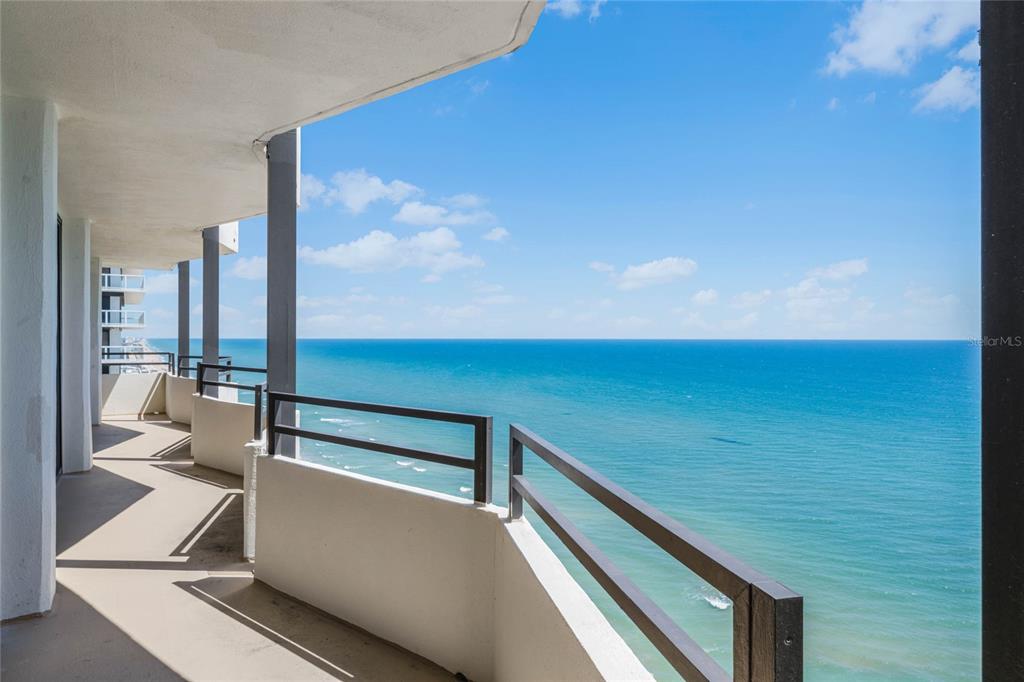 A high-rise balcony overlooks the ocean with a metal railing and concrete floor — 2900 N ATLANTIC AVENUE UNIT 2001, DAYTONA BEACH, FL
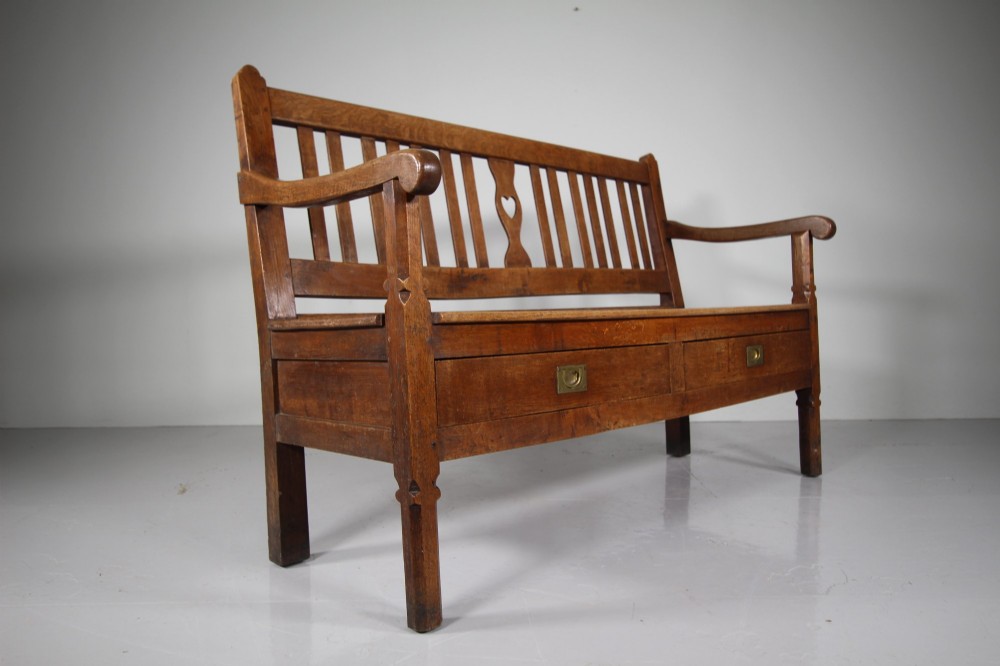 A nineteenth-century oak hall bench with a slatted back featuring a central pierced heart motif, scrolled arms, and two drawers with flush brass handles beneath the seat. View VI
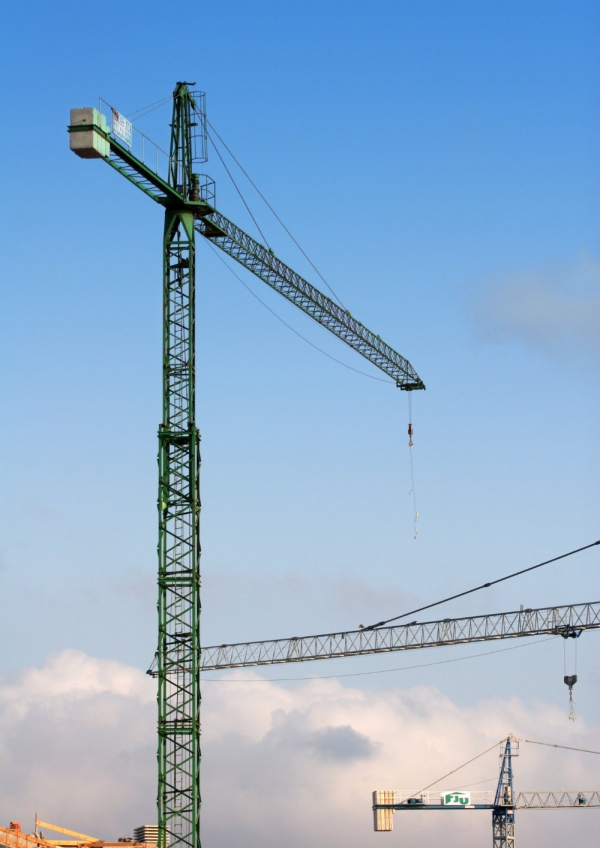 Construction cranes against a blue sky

---

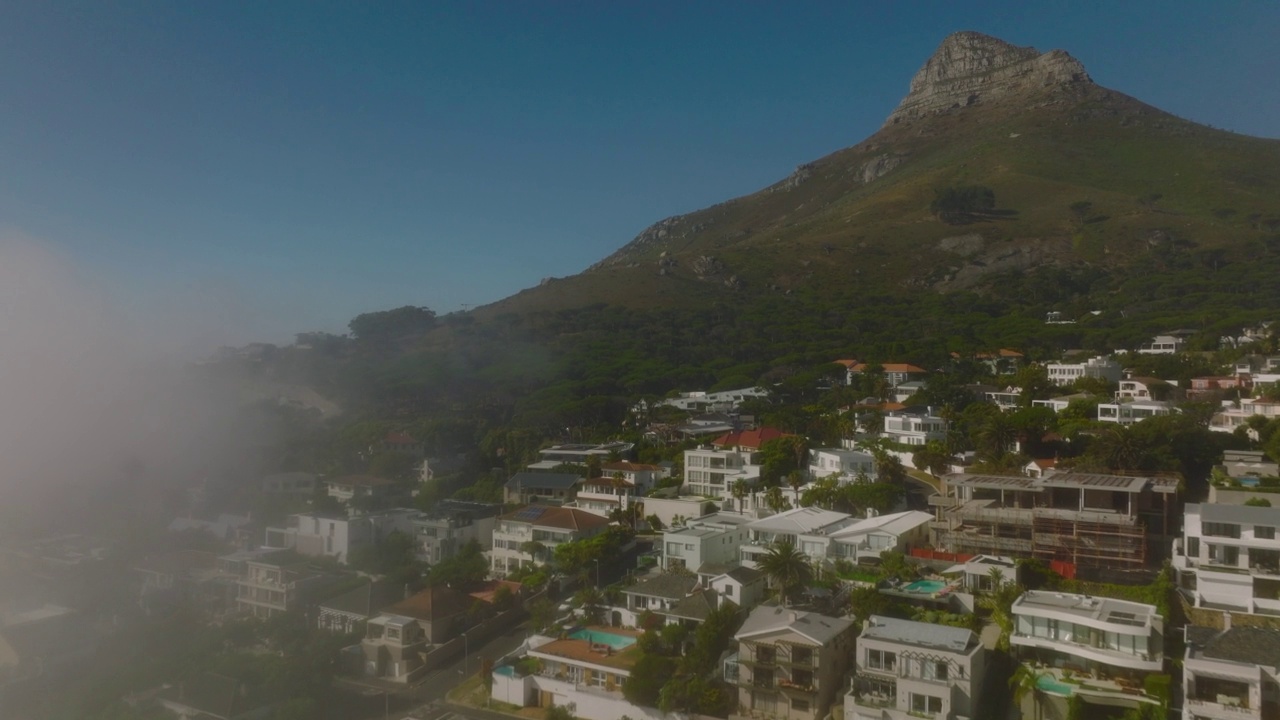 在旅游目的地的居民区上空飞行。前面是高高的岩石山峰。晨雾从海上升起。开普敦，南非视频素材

==

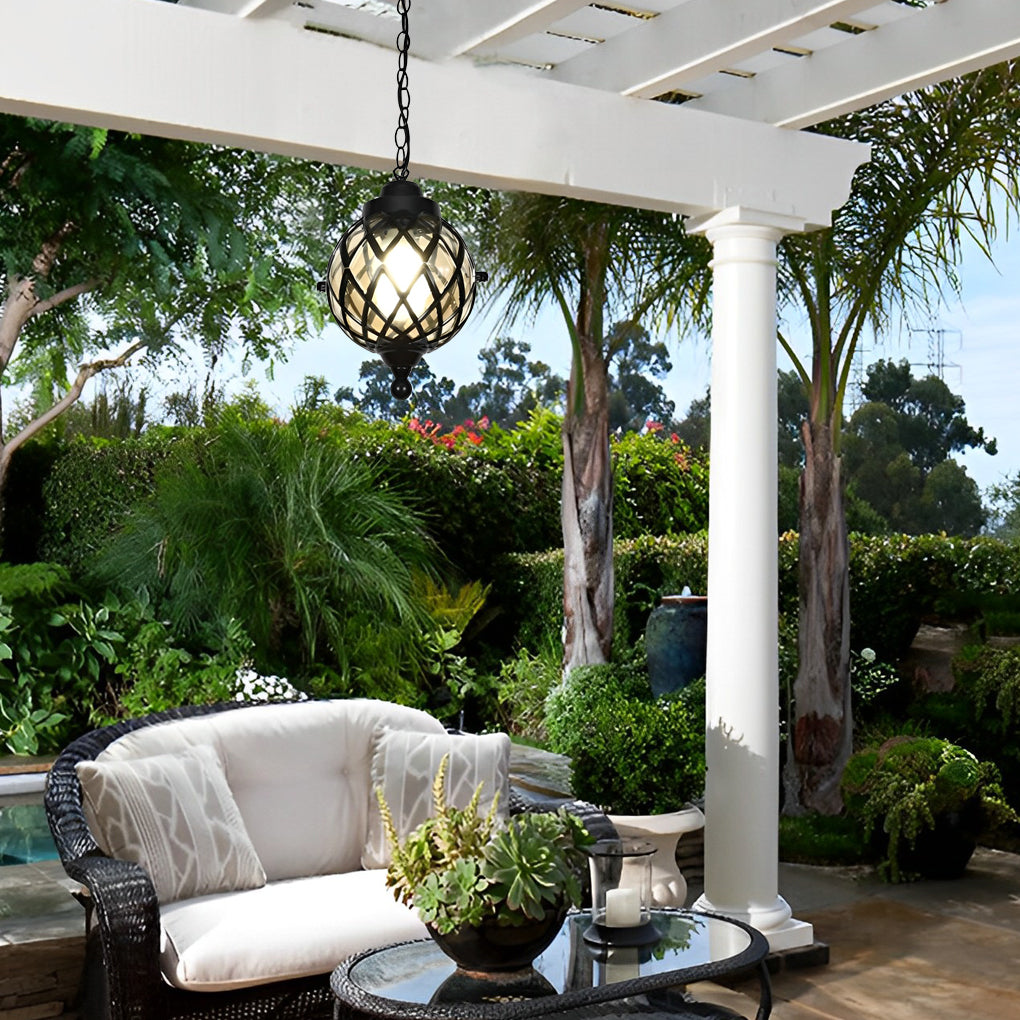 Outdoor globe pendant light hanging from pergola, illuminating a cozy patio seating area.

● **Work to be completed**: Out of the records above, set down only the lines from the one that contains "A high-rise balcony" through the one that contains "Construction cranes against a blue sky", unchanged and without the pictures.

● **Final answer**:
 A high-rise balcony overlooks the ocean with a metal railing and concrete floor — 2900 N ATLANTIC AVENUE UNIT 2001, DAYTONA BEACH, FL
 A nineteenth-century oak hall bench with a slatted back featuring a central pierced heart motif, scrolled arms, and two drawers with flush brass handles beneath the seat. View VI
 Construction cranes against a blue sky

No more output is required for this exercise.